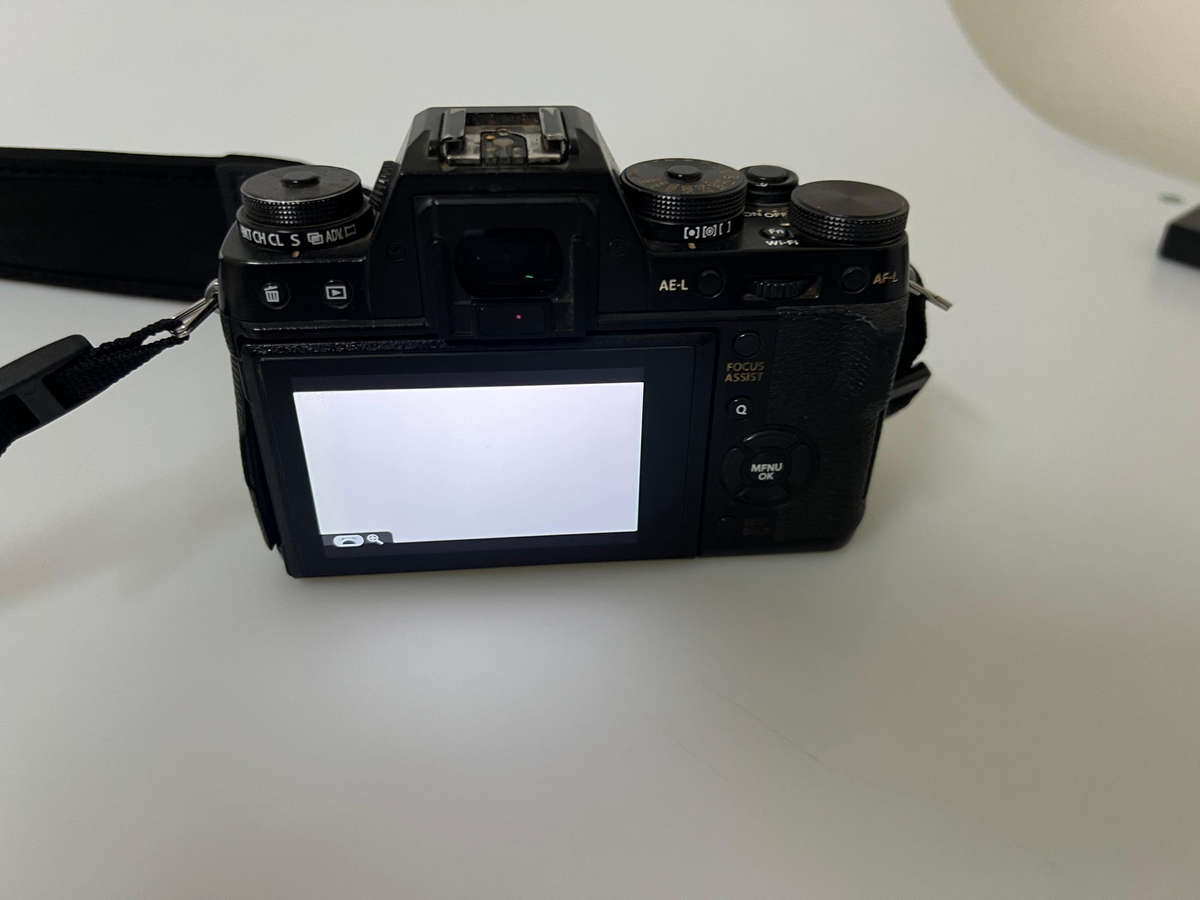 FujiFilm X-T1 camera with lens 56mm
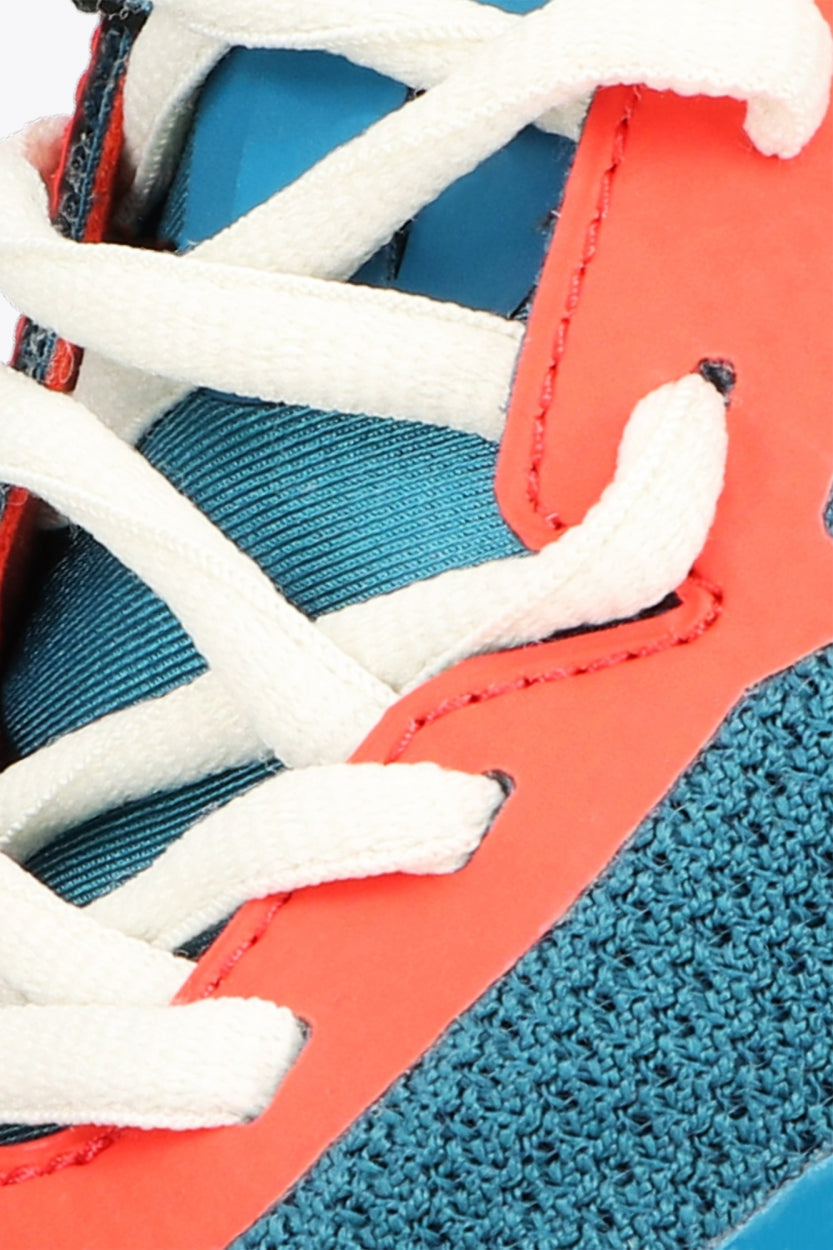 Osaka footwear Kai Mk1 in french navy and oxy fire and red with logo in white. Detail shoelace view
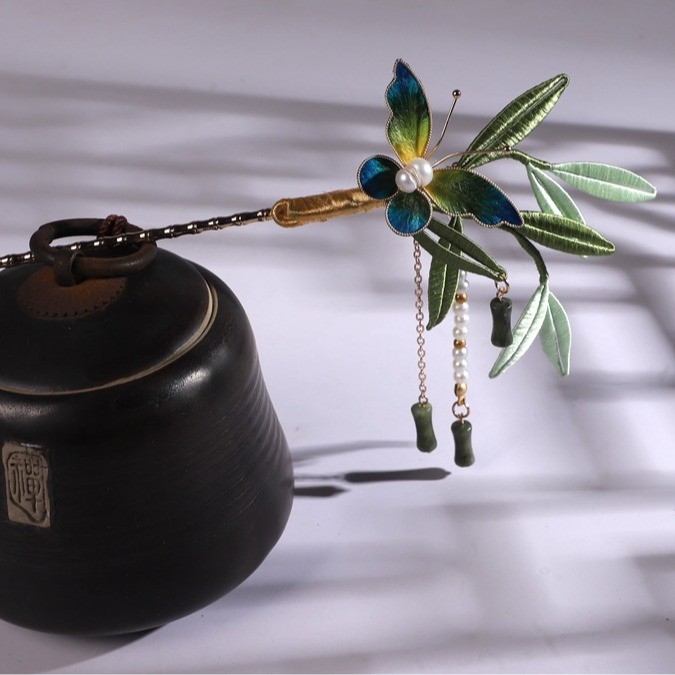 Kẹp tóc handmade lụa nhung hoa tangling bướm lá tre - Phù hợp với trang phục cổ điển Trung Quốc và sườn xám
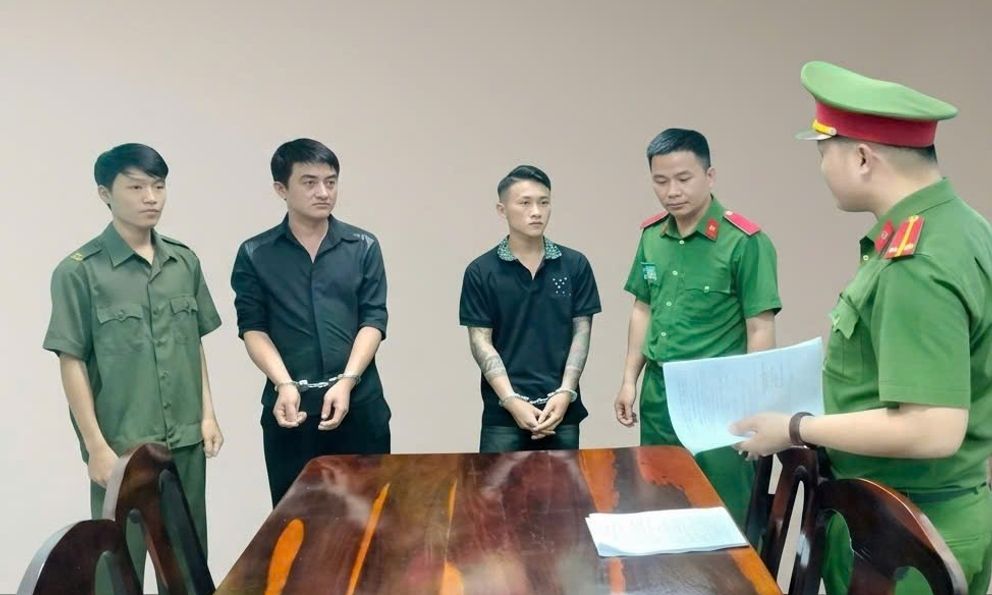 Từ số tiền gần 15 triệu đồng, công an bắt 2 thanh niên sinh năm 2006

**Work request**
Keeping every word as it is, write out all the data and omit the pictures.

**Task answer**
 FujiFilm X-T1 camera with lens 56mm
 Osaka footwear Kai Mk1 in french navy and oxy fire and red with logo in white. Detail shoelace view
 Kẹp tóc handmade lụa nhung hoa tangling bướm lá tre - Phù hợp với trang phục cổ điển Trung Quốc và sườn xám
 Từ số tiền gần 15 triệu đồng, công an bắt 2 thanh niên sinh năm 2006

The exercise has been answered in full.